Thank you. At this time, if you would like to ask a question, please press the star and one on your touch down phone. You may withdraw your question at any time by pressing the pound key. Once again, to ask a question, please press the star and one on your touch down phone. I will take our first question from David Smith with Pickering Energy. Please go ahead.
Hey, good morning. Thank you for taking my question. Hi, David.
Morning, David.
John, I'm curious if you could tell us what you've been hearing from customers in gassier basins, you know, particularly, especially the privates, you know, and how the prospect for, you know, potentially sustained low U.S. natural gas prices might factor into, you know, your expectations for the trajectory of the U.S. rig count this year.
Sure, David. Well, I'll start with, we've got about 15% of our fleet that's currently working that is in just natural gas basins. And about half or a little over half of those 15% are on term contracts. From a customer perspective, we really haven't heard a lot in terms of Rig activity, obviously they're not adding. There have been rigs that we've actually added recently, both in the Hainesville and in the Northeast. But so far we haven't heard really much discussion. Again, I don't know what to expect at this point. Again, our exposure is pretty low. I think the other one of the things that's a benefit over time is the ability to move those rigs pretty easily from one basin to another. We have several of our customers that obviously have exposure in oily basins as well. So they could just as easily move one of those rigs to an oil basin.

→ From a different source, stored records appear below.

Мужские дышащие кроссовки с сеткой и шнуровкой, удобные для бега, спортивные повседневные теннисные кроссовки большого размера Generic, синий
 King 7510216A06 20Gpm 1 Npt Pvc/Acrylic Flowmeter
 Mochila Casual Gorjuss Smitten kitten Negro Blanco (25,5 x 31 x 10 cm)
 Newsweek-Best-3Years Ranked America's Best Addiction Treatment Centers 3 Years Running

And John, I might just add a footnote there that of our 185 active rigs, we have around 28. that are drilling gas wells, which is about 15% of the fleet, and most of those 28 are actually on some form of term.
Great. I appreciate that. And then the follow-up, if I could, you've shown strong leadership on pricing and capital discipline as the rig count increased, and we're clearly seeing the benefits of your return-focused approach. I was hoping you could to share some color on what the playbook for this, you know, returns-focused approach might suggest, you know, in this scenario, you know, if rigged demand were to come down 5% or 10%.
Yes, David, you know, it's interesting. First of all, we are focused on moving the margin, and we've said now for several months that our focus has been on getting the average closer to the leading edge, more towards the high 30s. Because we're on the lower end of that now, we want to continue to push on that. And that's important. I think the other thing that I would mention about, and I addressed a little bit of it in my prepared remarks, as it relates to up cycles. As I think back and I look back on rig activity through the up cycles, it tends to be choppy. you know, we've gone through, if you just look at the last couple of decades, you know, look at the activity coming out of the financial crisis and the pickup in activity and then the choppiness and actually, you know, having 100 rigs or more go down. Of course, we had, you know, quite a bit more rigs running then, but on a percentage basis, it's very similar. And so, I think as long as the The rig choppiness, if the rig releases are moderate, and 20, 30, 40, 50 rigs, I mean, it's a very small percentage of the overall working fleet, even if you're just looking at the super spec fleet. I know at H&P, our focus will be continuing to focus on pricing, and our teams, our sales force does a great job with rig churn and getting rigs put back to work. Sure as heck doesn't make a lot of sense to get into a bidding war. So that would be our approach, is to continue to focus on the value creation that we're delivering for customers and getting paid a commensurate amount of money for that. Really appreciate that, caller. Thank you. Thanks, Dave.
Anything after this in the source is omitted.